À medida que vamos obtendo mais informação e mais conhecimento, maior será aquele número, o que revela um maior dinamismo cerebral.

José Claudio Terra ensina que “a criatividade humana se revela a partir de associações e combinações inovadoras de planos, modelos, sentimentos, experiências e fatos.”

Inicialmente, absorvemos a informação e retemos aquilo que nos interessa, para depois criar e, finalmente, julgar. Por isso os especialistas recomendam não julgar, inicialmente ou de forma abrupta, ideias que possam ser totalmente estapafúrdias ou fora do contexto.

De uma forma bem prática, quanto maior for a diversidade de uma pessoa em buscar conhecimento nas mais diferentes áreas, e não somente naquela onde atua, maior a possibilidade dela ter um alto poder criativo.

Além disso, devemos ter um aliado fundamental na diversidade deste conhecimento: nosso espírito de observação. Ao “enxergarmos o que ninguém vê”, aliado àquilo que já conhecemos, chegamos aos famosos AHÁ e EUREKA.

Dois exemplos clássicos deste processo foram as “descobertas” da lei da gravidade de Newton, quando uma maçã caiu em sua cabeça, e o princípio de Archimedes, descoberto pelo sábio grego enquanto se banhava na banheira.

Jack London, em seu texto Criatividade, genialidade e loucura, assim descreve as pessoas criativas:

  1. pessoas criativas são abertas a experiências variadas, exibem uma excepcional tolerância à ambiguidade, buscam a complexidade e a novidade e podem desenvolver uma atenção múltipla, muitas vezes fora de foco.
  2. exibem uma enorme gama de interesses, que vão além de sua área de atuação.
  3. têm muito mais probabilidade de serem introvertidos do que extrovertidos e parecem às vezes distantes, deslocados ou antissociais. Também exibem uma imensa independência e autonomia, frequentemente se recusando a se submeter às normas convencionais, às vezes exibindo uma acentuada faceta de rebeldia.
  4. amam profundamente o que fazem, demonstrando entusiasmo, energia e compromisso incomuns com seus projetos e concepções.
  5. são persistentes diante de obstáculos e decepções, mas ao mesmo tempo são bastante flexíveis para alterar estratégias e táticas quando assim determina o fracasso.
  6. a criatividade não está necessariamente associada ao fato de atingir altos níveis de educação formal, mas não prescinde de leitura e aprendizado. Muitas vezes esse aprendizado não se dá dentro das escolas formais, burocráticas e repetitivas.
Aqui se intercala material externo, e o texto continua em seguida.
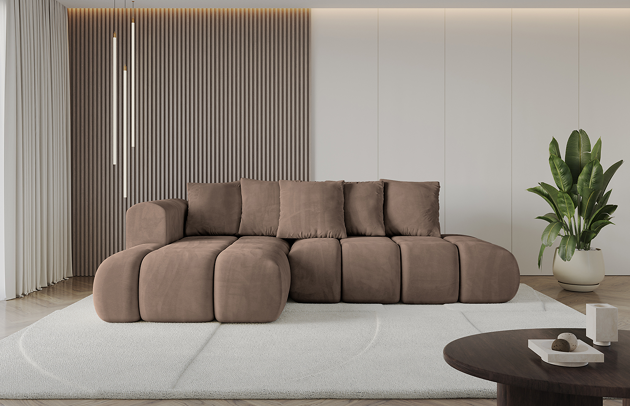 Bezug: Samt, Farbe: Braun - Dream Velvet 202.37, Stellvariante: Ottomane Links, Stoffbeschreibung: Polsterstoff Dream Velvet: Wasserabweisender und leicht zu reinigender Möbelstoff, scheuerfest (30.000 Martindale-Zyklen) lichtecht (6) und pillingarm (4-5), aus 100 % PES, Gewicht 360 g/m2 ±5 %, Materialzusammensetzung: 100% Polyseter, Pilling Resistenz: 4, Abriebfestigkeit: 5, Scheuerbeständigkeit: 100000 Martindale-Zyklen, Zimmer: Wohnzimmer, Tiefe: 185 cm, Breite: 185 cm, Höhe: 90 cm, Länge der Schlaffläche: 240 cm, Breite der Schlaffläche: 140 cm, Liegehöhe: 42 cm, Anzahl der Sitzflächen: 4, Anzahl der Rückenkissen: 5, Art der Rückenkissen: Rückenkissen, Annzahl der Sitzkissen: 2, Material der Füße: Kunststoff, Höhe der Füße: 1,5 cm, Tiefe der Armlehnen: 100 cm, Breite der Armlehnen: 22 cm, Höhe der Armlehnen: 63 cm, Breite der Ottomane: 120 cm, Tiefe der Ottomane: 150 cm, Tiefe der Sitzfläche: 70 cm, Sitzhöhe: 42 cm, Art des Stauraumes: Innenfach geschlossen, Ausstattung: Nicht zutreffend, Anzahl der Zierkissen: Nicht zutreffend, Schlaffunktion: Mit Schlaffunktion - 1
Já Antonio Carlos Teixeira da Silva assim se expressa sobre o estilo criativo:

  • pense fora dos padrões consagrados;
  • não tenha receio de expressar suas ideias;
  • sinta-se à vontade com suas ideias diferentes;
  • conviva com pessoas criativas;
  • leia sobre pessoas que tiveram grandes ideias e soluções criativas;
  • leia, leia muito, leia mais! A leitura leva você a qualquer ponto do universo;
  • assista a palestras, cursos e workshops sobre criatividade;
  • quando precisar de ideias, esteja aberto para uma infinita quantidade de soluções possíveis;
  • conscientize-se de que uma ideia reprovada pode leva-lo a uma nova ideia ou possibilidade;
  • fique aberto ao desdobramento de ideias que surgem no decorrer do processo criativo; uma ideia puxa outra.
  • não desanime se tiver que desconsiderar uma ideia que lhe parecia muito boa. Guarde-a para outro projeto ou para outro momento;
  • anote todos os pensamentos e ideias assim que surgirem na sua mente. Releia semanalmente suas anotações e verifique se há algo que possa ser aplicado;
  • exerça atividades ou interesses em assuntos diferentes dos da sua esfera de trabalho. As pessoas criativas mantêm interesses em diversas áreas;
  • ouça sua intuição;
  • aproveite cada oportunidade que surgir para fazer uso de sua criatividade;
  • evite envolver-se profundamente em rotinas;
  • aceite que seu trabalho criativo é importantíssimo, mesmo que os outros não o valorizem.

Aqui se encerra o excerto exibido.